通常、公認会計士のバイト(監査の非常勤)は、年単位の業務委託契約となります(事務所によっては雇用契約もあり得ます)。

そこでは、あらかじめ報酬単価(時給)が決定されますが、
バイトの単価としては最も高額な部類に属するといえます。

ただし、大手と中小では時給単価に多少の差異がありますので、以下、具体的に記しておきます。

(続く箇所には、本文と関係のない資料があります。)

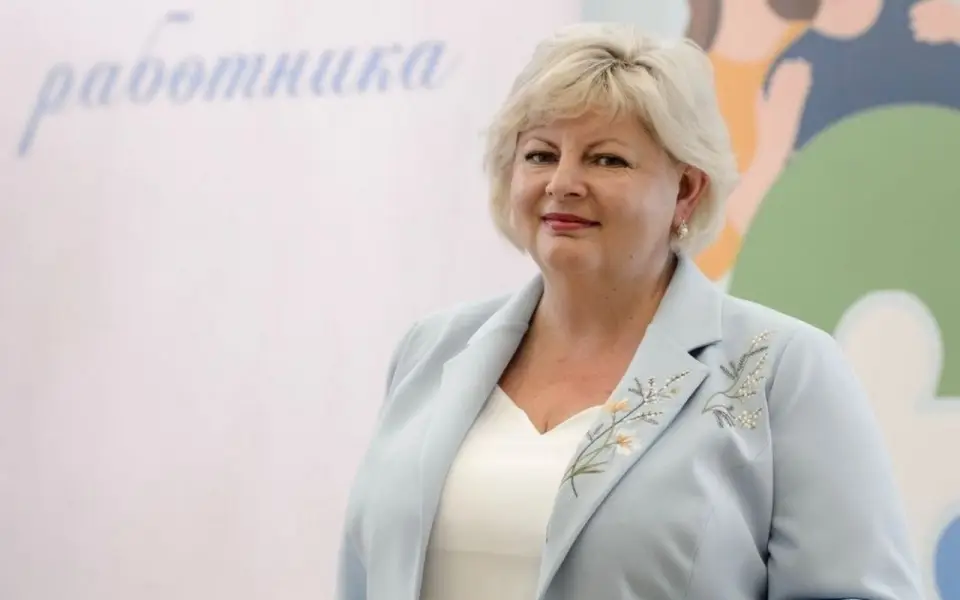 Марина Макова назначена министром соцзащиты Тамбовской области Марина Макова назначена министром соцзащиты Тамбовской области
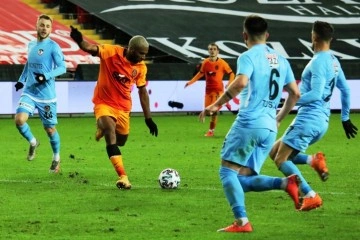 Galatasaray ile Gaziantep FK 5. randevuda
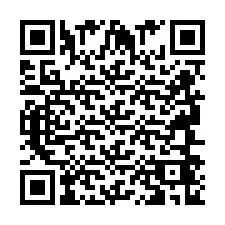 QR код за телефонен номер +2694646920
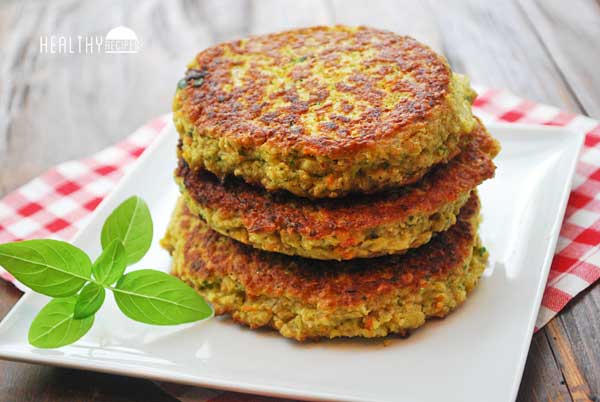 Veggie Burger Recipe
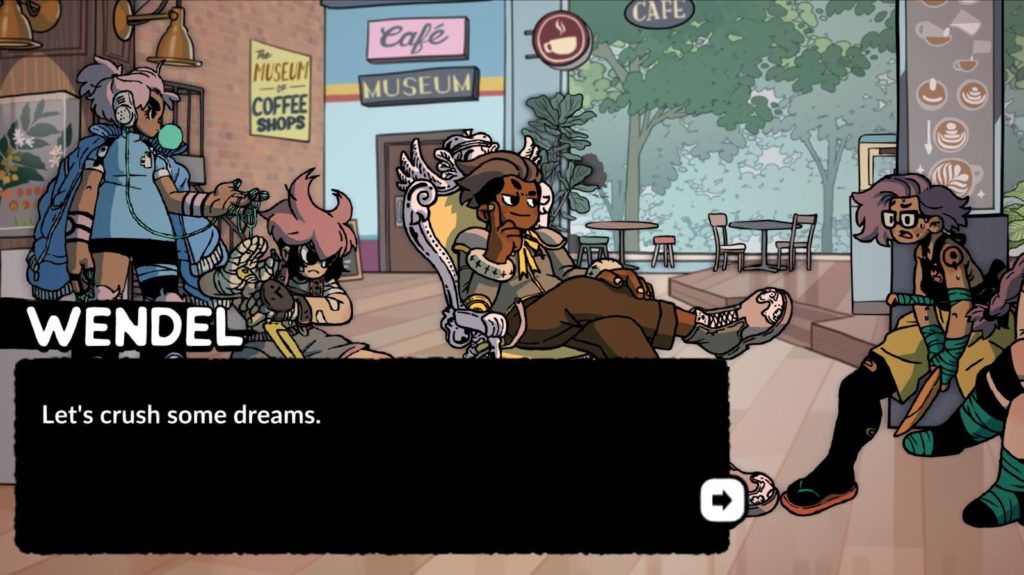 bravery network online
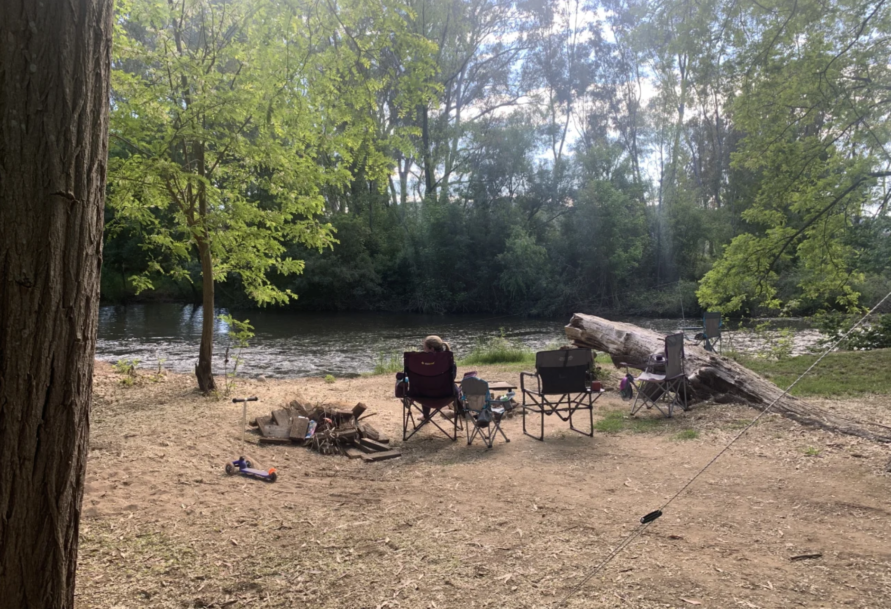 Site 1 – River Flats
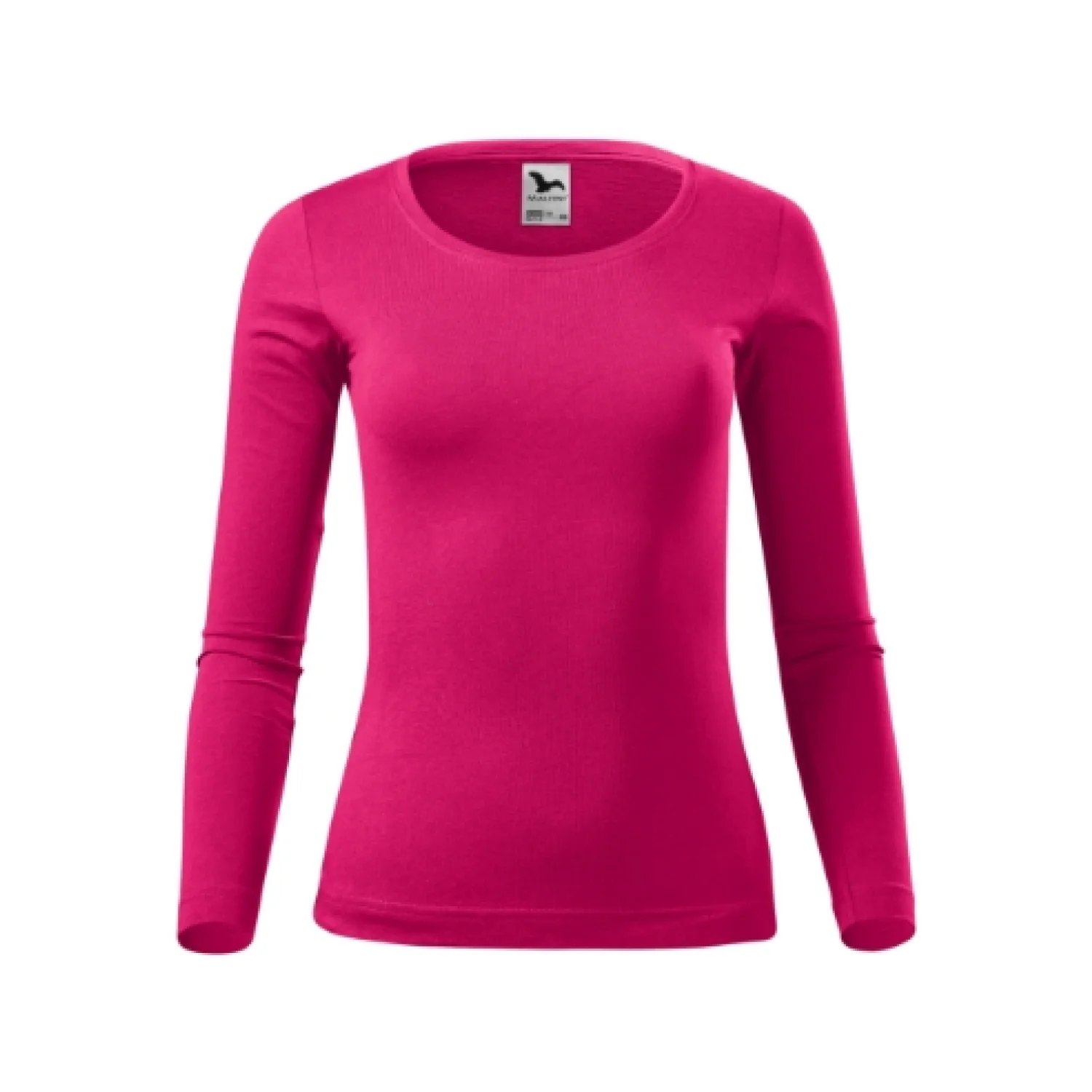 MALFINI Fit-T LS málna 63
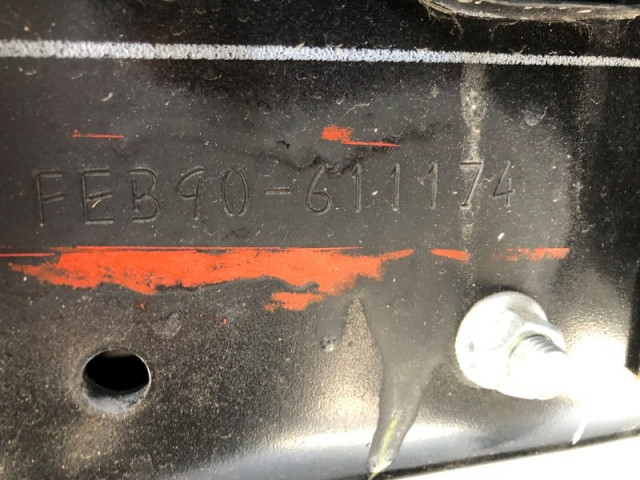 三菱ふそう キャンター 小型 塵芥車（プレス式） 2PG-FEB90(97596) 50枚目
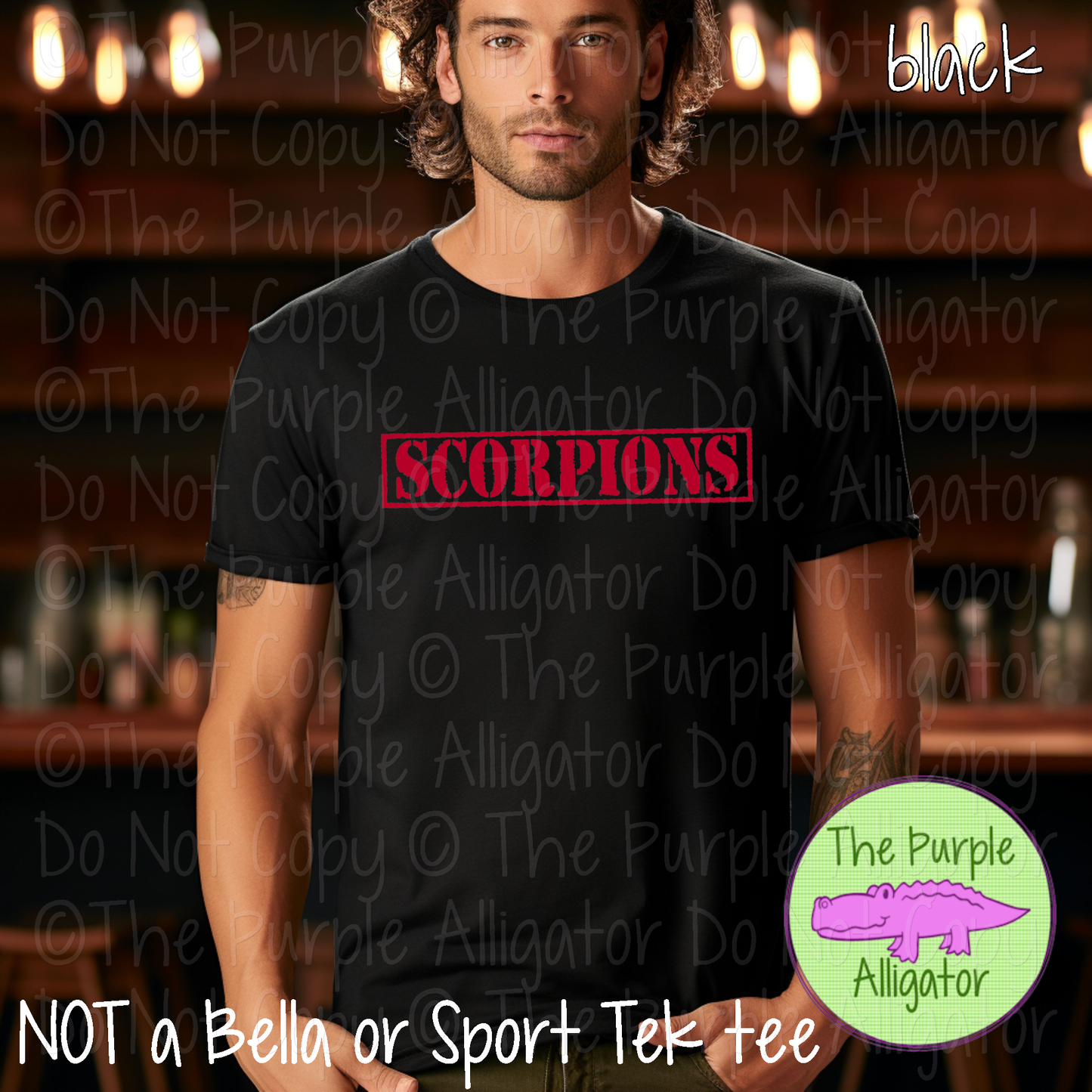 Scorpions Boxed Directive - The Command Collection 0126 TPA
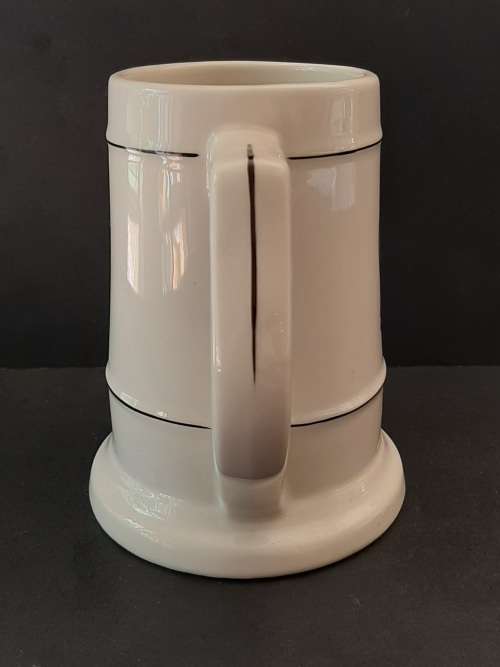 ** Border War : 31 Battalion Ceramic Regimental Tankard (Pre-1980).**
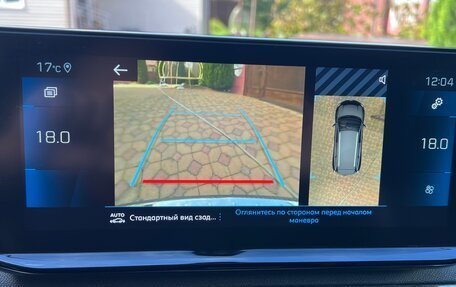 Peugeot 5008 II, 2021 год, 2 490 000 рублей, 21 фотография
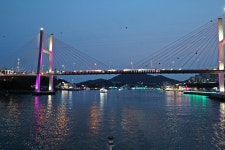 여름밤이 아름다운 섬, 여수 돌산도에 가다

まず結論として大手で時給5000円、中小で6000円以上が目安となります(参考:会計求人プラス・会計業界topics)。

これ基に年収・月収をシミュレーションしてみると

大手監査法人
  • 時給単価@5,000円
  • 一日7時間として@5,000円×7H=35,000円(日給)
  • 年間240日稼働するとして35,000円×240日=8,400,000円(年収
  • 仮に一月10日稼働するとして35,000円×10日=350,000円(月収
中小監査法人
  • 時給単価@6,000
  • 一日7時間として@6,000円×7H=42,000円(日給)
  • 年間240日稼働するとして42,000×240日=10,080,000円(年収
  • 仮に一月10日稼働するとして42,000円×10日=420,000円(月収

となります。

大手監査法人はコスト削減意識もあり、相対的に業界としては低めです。

また中小については、とりあえず時給単価@6,000円としましたが、実際には時給単価は7000円に近いというのが私の印象です事務所によってかなり幅があるということです)。

中小でも安ければ大手と同じく5000円(これを下回ることは基本的にない)、上は10,000円といったところでしょうか。

公認会計士のバイト(非常勤)のメリット

ここでは業務委託契約を前提に解説します。

高単価で効率よく稼げる

最大のメリットは、上で述べた通り高単価で稼げることです。

特に中小法人では非常勤でも(計算上は)年収1千万に届きます。

私の経験したところでは、安いところで日給にして35,000円(大手と同じで最安値)、高いところで60,000円でした。

拘束される時間が少ない

業務委託契約ですので、拘束時間はあらかじめ決まってきます(9時から5時までなど)。

決算期等の忙しい時期を除き残業はありません。

決算期でも残業時間は長くて2~3時間ぐらいです。
事務所によっては殆ど残業がないところも。

また、常勤と異なり勤務日数も弾力的に決めることができます。

人間関係に悩まされることが少ない

完全にゼロということはないですが、非常勤の人間は、法人との関係では対等なパートナーとなります。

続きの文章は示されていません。